### What this task involves
Beginning at the line containing "Used Mercedes-Benz GLA", repeat each line below exactly up to and including the line containing "direct : youtube.com/live/Hi1A5E2mq…". Do not repeat the pictures.

### Given information
━━━━━━━━━━━━━━━━━━━━━━━━━━━━━━

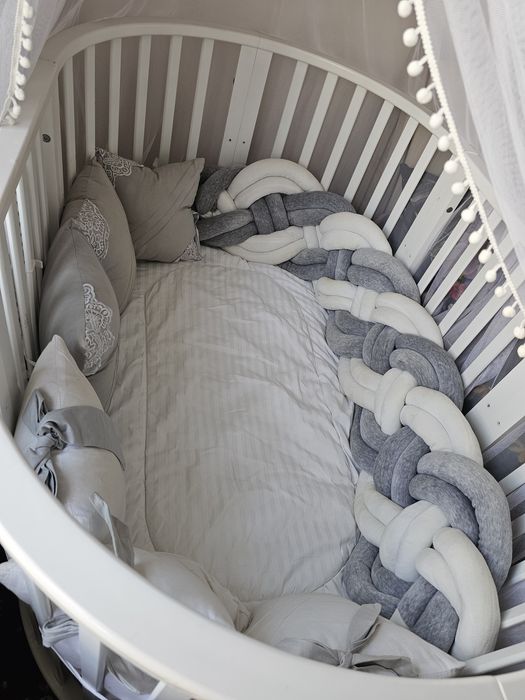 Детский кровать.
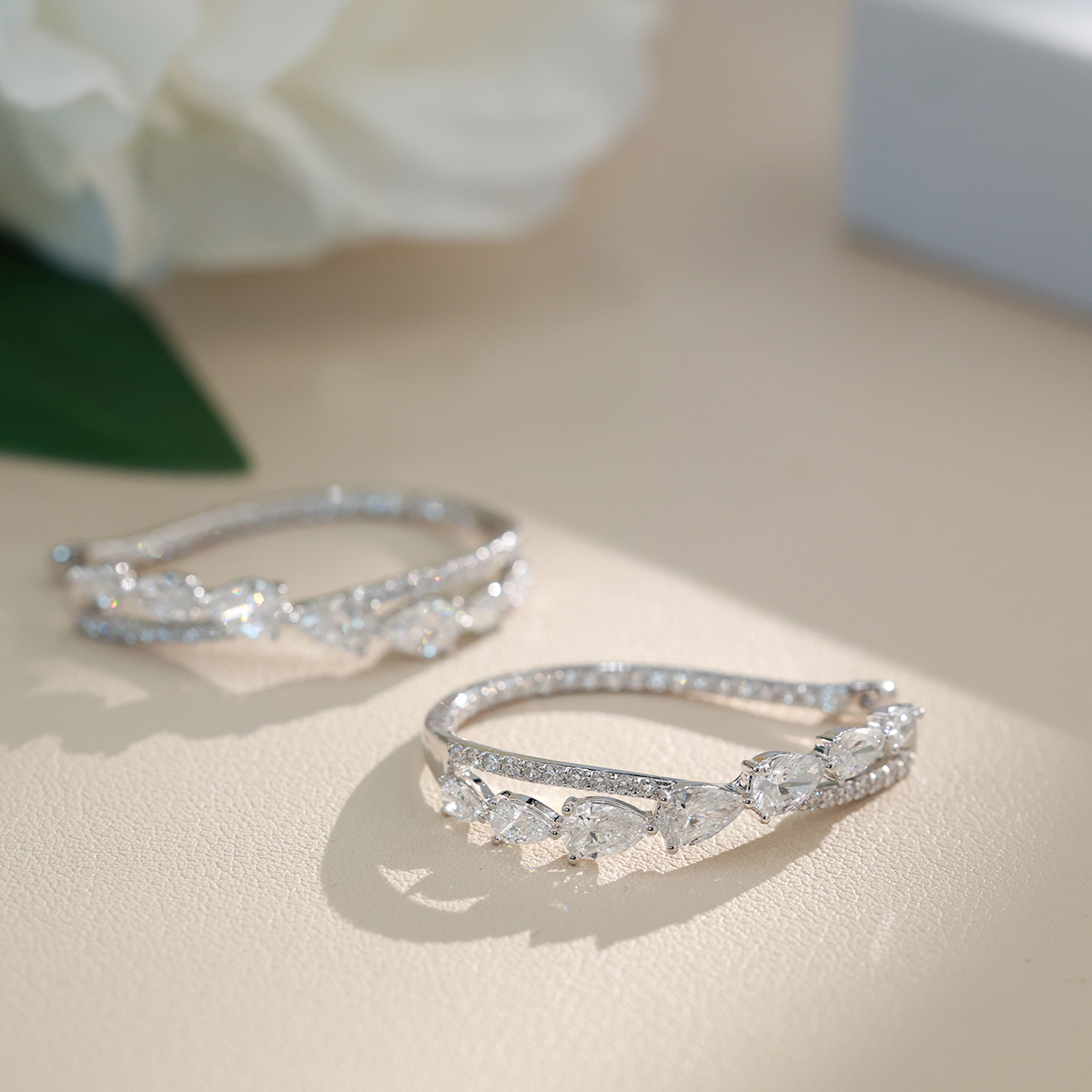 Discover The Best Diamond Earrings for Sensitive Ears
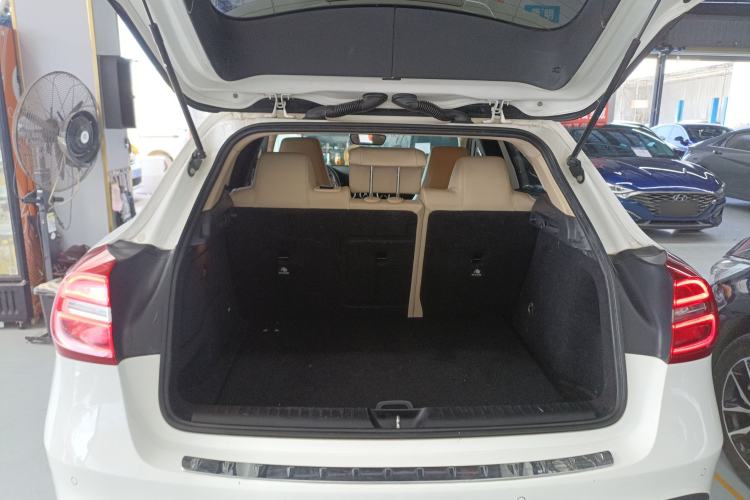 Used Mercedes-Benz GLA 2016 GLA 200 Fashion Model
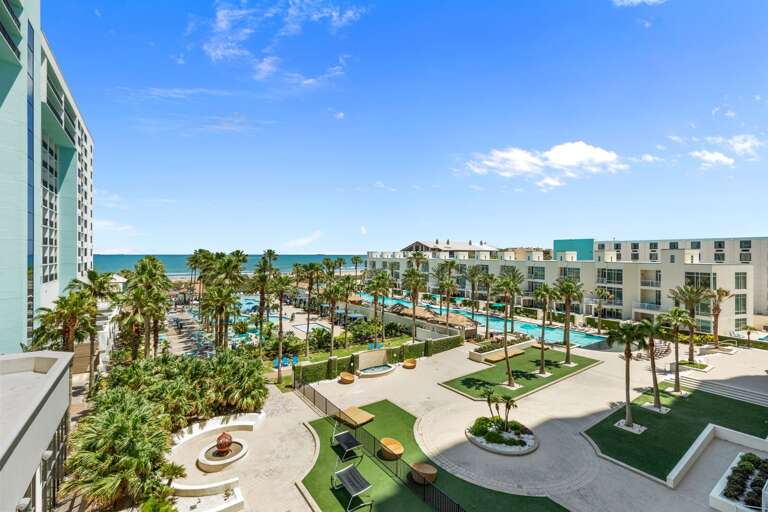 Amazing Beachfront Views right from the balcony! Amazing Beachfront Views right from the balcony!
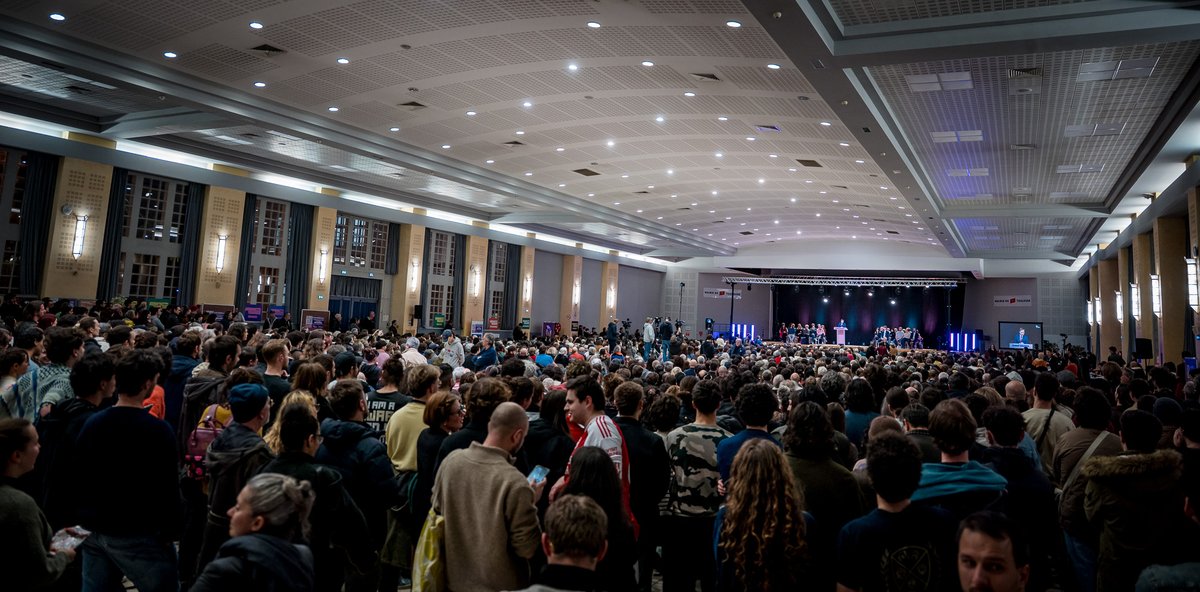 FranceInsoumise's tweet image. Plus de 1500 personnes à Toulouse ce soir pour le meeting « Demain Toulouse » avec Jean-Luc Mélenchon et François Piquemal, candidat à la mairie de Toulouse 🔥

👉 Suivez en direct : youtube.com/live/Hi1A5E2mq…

━━━━━━━━━━━━━━━━━━━━━━━━━━━━━━

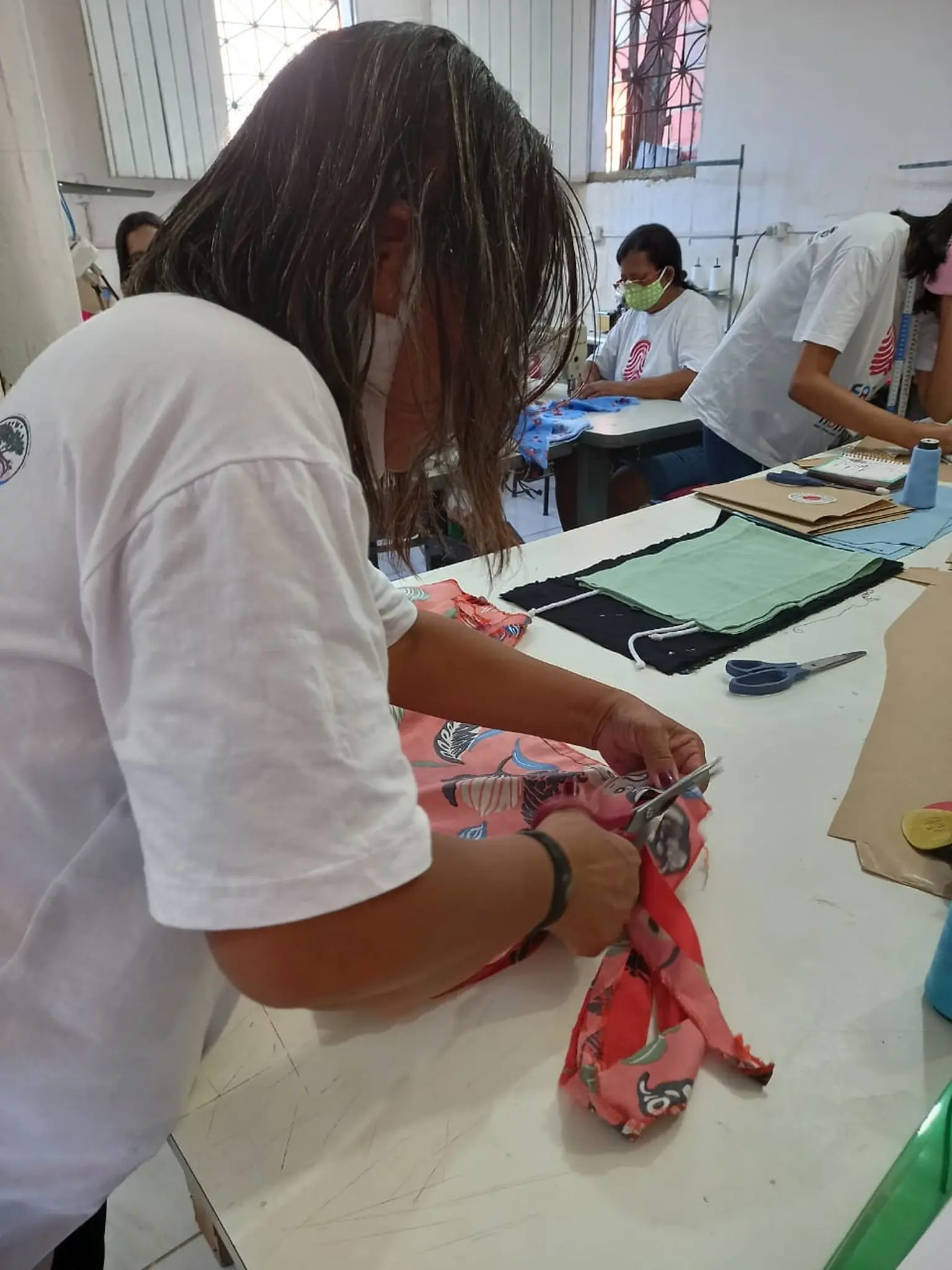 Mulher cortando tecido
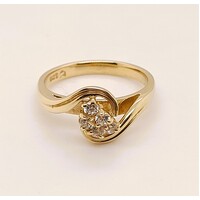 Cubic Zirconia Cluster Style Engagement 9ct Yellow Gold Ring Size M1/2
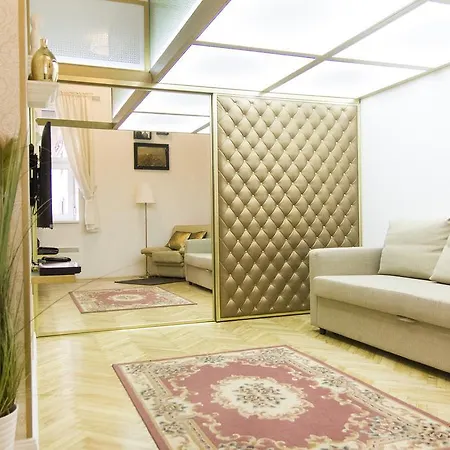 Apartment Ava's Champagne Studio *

━━━━━━━━━━━━━━━━━━━━━━━━━━━━━━

### Answer box
 Used Mercedes-Benz GLA 2016 GLA 200 Fashion Model
 Amazing Beachfront Views right from the balcony! Amazing Beachfront Views right from the balcony!
 FranceInsoumise's tweet image. Plus de 1500 personnes à Toulouse ce soir pour le meeting « Demain Toulouse » avec Jean-Luc Mélenchon et François Piquemal, candidat à la mairie de Toulouse 🔥

👉 Suivez en direct : youtube.com/live/Hi1A5E2mq…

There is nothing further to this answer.